En février 2022, le Conseil d’État légalisait définitivement le commerce de CBD en France. Exit les batailles juridiques sans fin qui ont déchiré l’Hexagone : pourvu que son taux de THC n’excède pas les 0,3 %, ces fleurs peuvent se vendre ! Depuis, les boutiques se sont multipliées et le chanvre bien-être s’est installé jusque dans les vitrines de province. Mais, derrière cette normalisation, se cache une dangereuse dérive : celle des cannabinoïdes de synthèse. Ultrapuissants, imprévisibles et bon marché, ces ersatz de cannabis récréatif sont devenus un véritable enjeu de santé publique. Notre enquête.
Par Juliette Ihler-Meyer
Printemps 2025, un groupe de lycéens défraie la chronique : après avoir fumé un joint de CBD, ils ont fini à l’hôpital. Car, dans leurs cigarettes roulées à ce qu’ils pensaient n’être que du cannabidiol (CBD), il n’y avait pas que la molécule naturelle.

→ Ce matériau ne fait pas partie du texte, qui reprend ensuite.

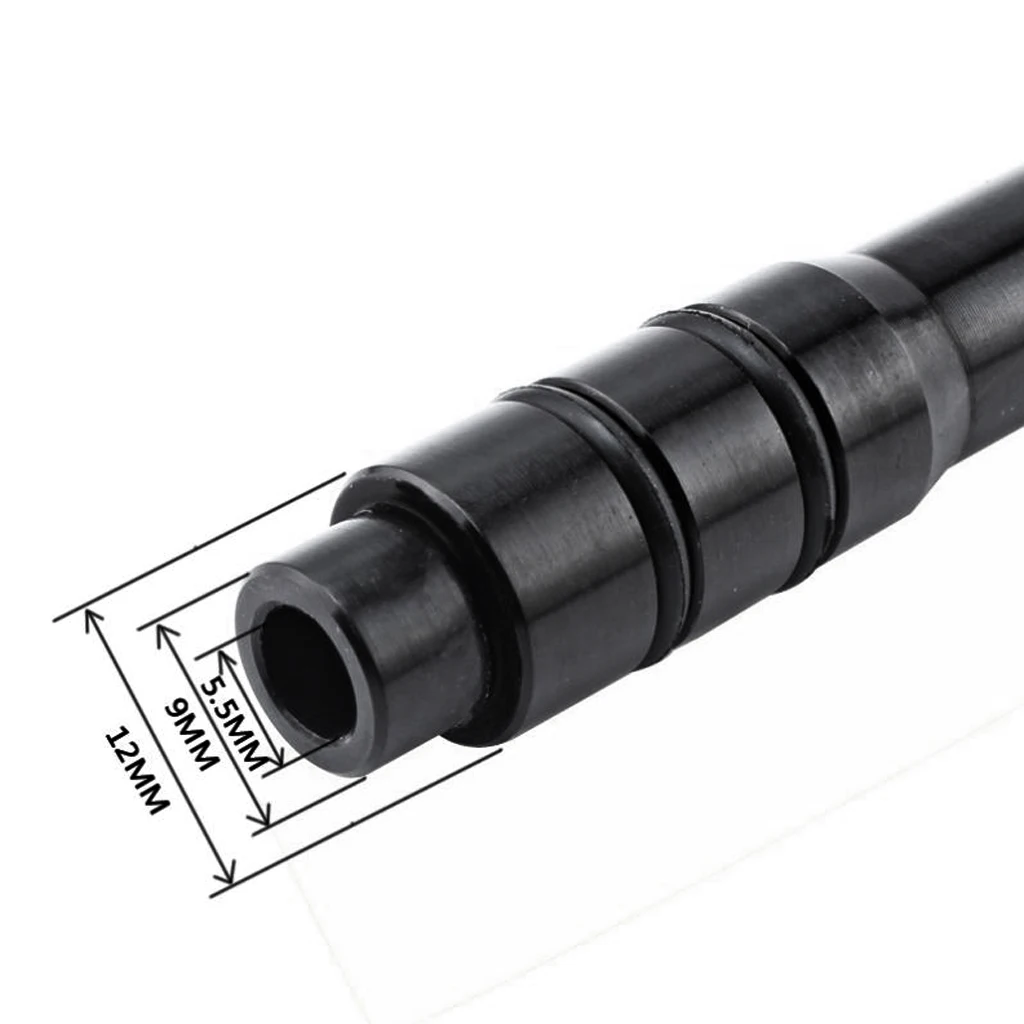 Bike Bicycle 12mm Thru Axle Quick Release Hub Conversion Skewer Adapter 154x12x12mm 4 Spare Rubber Rings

Depuis quelques années, derrière des petits noms inoffensifs comme « Pète ton crâne » (PTC) ou « Buddha Blue » se cachent en réalité des cannabinoïdes de synthèse, ces substances psychoactives particulièrement puissantes et potentiellement dangereuses. Vaporisées sur des fleurs de CBD ou introduites dans des e-liquides, elles font ravage chez les consommateurs, souvent pris au dépourvu. C’est le cas de notre bande de jeunes fumeurs en herbe : pensant se relaxer avec du CBD, les ados s’étaient en réalité envoyés des substances chimiques censées reproduire les effets du THC – le cannabinoïde du chanvre qui rend stone et qui est interdit en France. Une défonce légale aux effets dévastateurs, et pas que pour ceux qui l’expérimentent. Les vendeurs eux-mêmes ne sont pas toujours au courant de ce qui peut se cacher derrière du chanvre bien-être vendu par le grossiste comme du simple CBD.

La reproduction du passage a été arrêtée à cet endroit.